The data is to be retyped in full, exactly.

◆ DATASET EXCERPT ◆
------------------------------------

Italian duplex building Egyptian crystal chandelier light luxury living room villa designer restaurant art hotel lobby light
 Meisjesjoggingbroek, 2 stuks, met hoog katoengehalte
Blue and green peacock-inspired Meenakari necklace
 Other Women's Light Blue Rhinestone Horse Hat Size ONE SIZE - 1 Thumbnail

------------------------------------

◆ EXERCISE RESULT ◆
Italian duplex building Egyptian crystal chandelier light luxury living room villa designer restaurant art hotel lobby light
 Meisjesjoggingbroek, 2 stuks, met hoog katoengehalte
Blue and green peacock-inspired Meenakari necklace
 Other Women's Light Blue Rhinestone Horse Hat Size ONE SIZE - 1 Thumbnail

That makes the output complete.